Above: Mark Davies, Automattic’s new CFO

Vivint, which was acquired by Blackstone back in 2012 for $2 billion, is currently in the process of becoming a public entity via a merger with another company, called Mosaic Acquisition. Vivint also already claims north of $1 billion in revenue each year, with Davies — who joined as CFO in 2013 — presumably having played a notable part in that growth. Prior to Vivint, Davies worked for more than a decade at Dell, where he served in various roles, including CFO for Dell’s Global Consumer Group, a multi-billion dollar business in its own right.

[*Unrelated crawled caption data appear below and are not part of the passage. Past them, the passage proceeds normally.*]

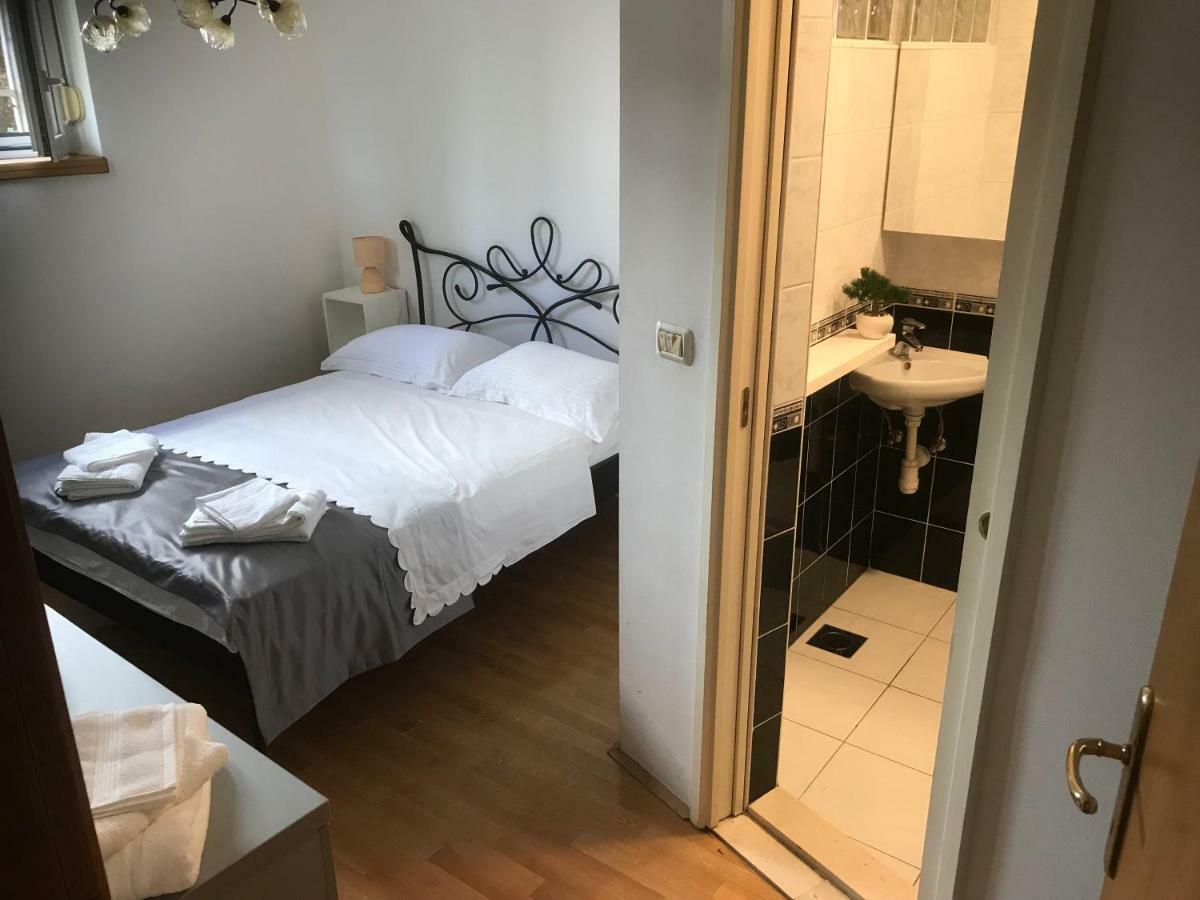 Apartmán Blue Harmony Split Exteriér fotografie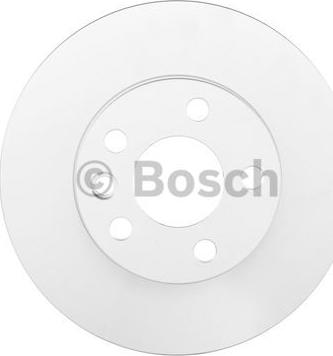 BOSCH 0 986 478 846 - Тормозной диск avtokuzovplus.com.ua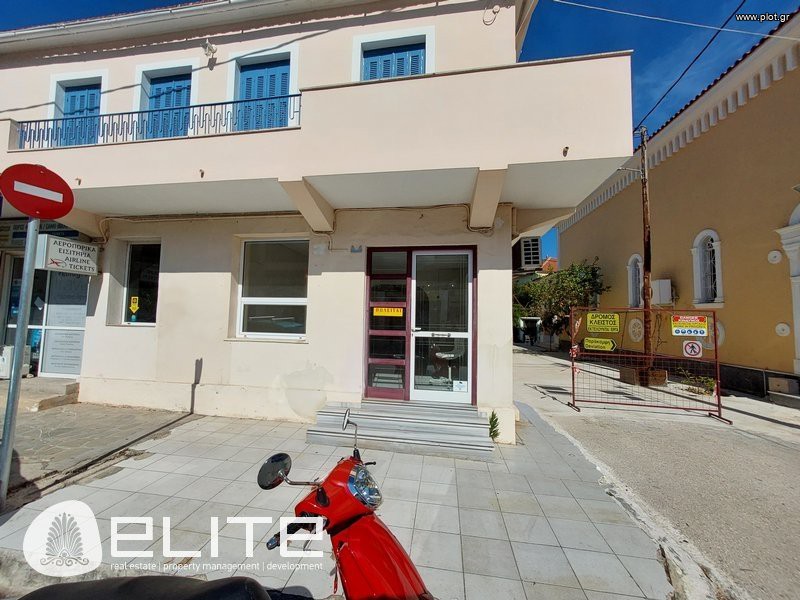 Επιχείρηση 50 τ.μ. πρός ενοικίαση, Ν. Κεφαλονιάς, Κεφαλονιά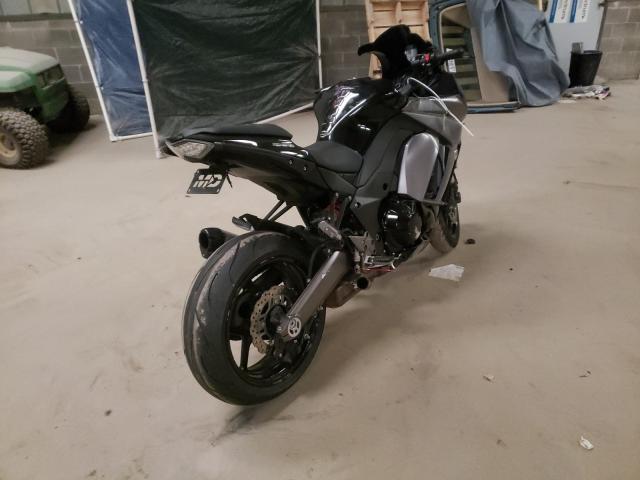 2012 KAWASAKI ZX1000 G JKAZXCG13CA017824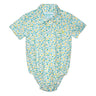 Just Country Infant Frankie Jumpsuit Shirt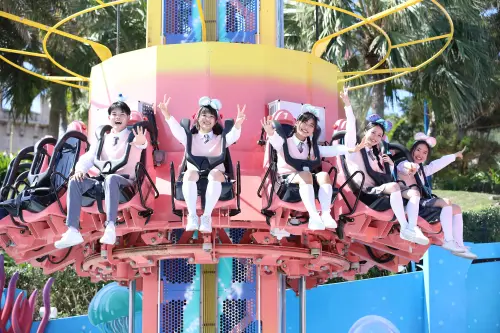 6大樂園兒童連假優惠!六福村0元、義大10元、海洋公園100元一覽 ▲兒童連假穿搭或配戴指定識別物件,玩遠雄海洋公園最低100元。(圖/遠雄海洋公園提供)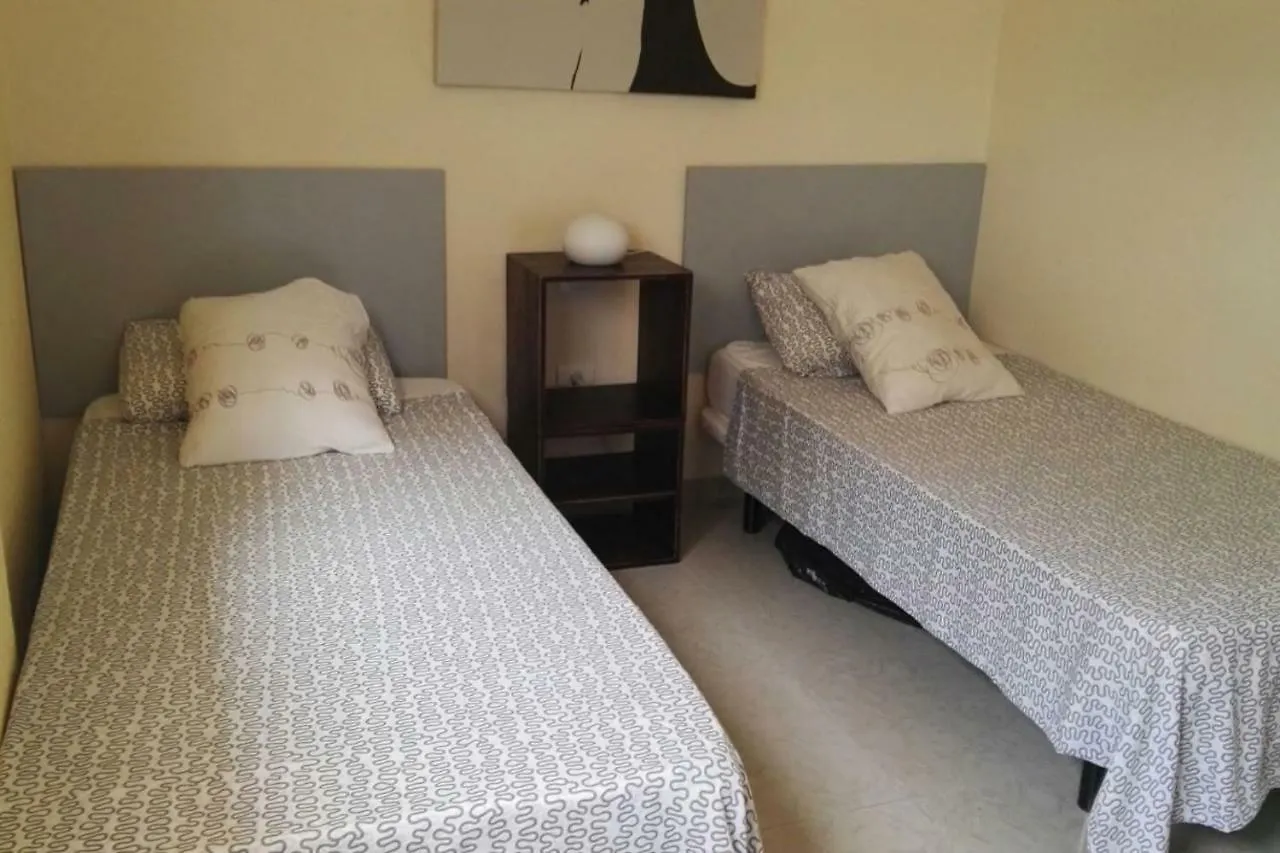 شقة Apartamento En La Paz بويرتو ذي لا كروز إسبانيا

While Automattic and Mullenweg are best known for the WordPress brand, including the for-profit and open source content management system (CMS) WordPress — which Mullenweg kickstarted — the company offers an extensive range of tools and services. These include Tumblr, which it recently purchased; long-form content platform Longreads; note-taking app Simplenote; ecommerce plugin WooCommerce; and a new suite of products called Happy Tools, designed for companies with a globally distributed workforce. Automattic itself is one of a number of high-profile companies that have sidestepped traditional headquarters and offices to allow employees to work entirely remotely.

“Automattic is creating the operating system for the web, from websites to ecommerce to social networks,” Mullenweg added. “I’m excited about working alongside such an experienced leader day to day, to build one of the defining technology companies of this era.”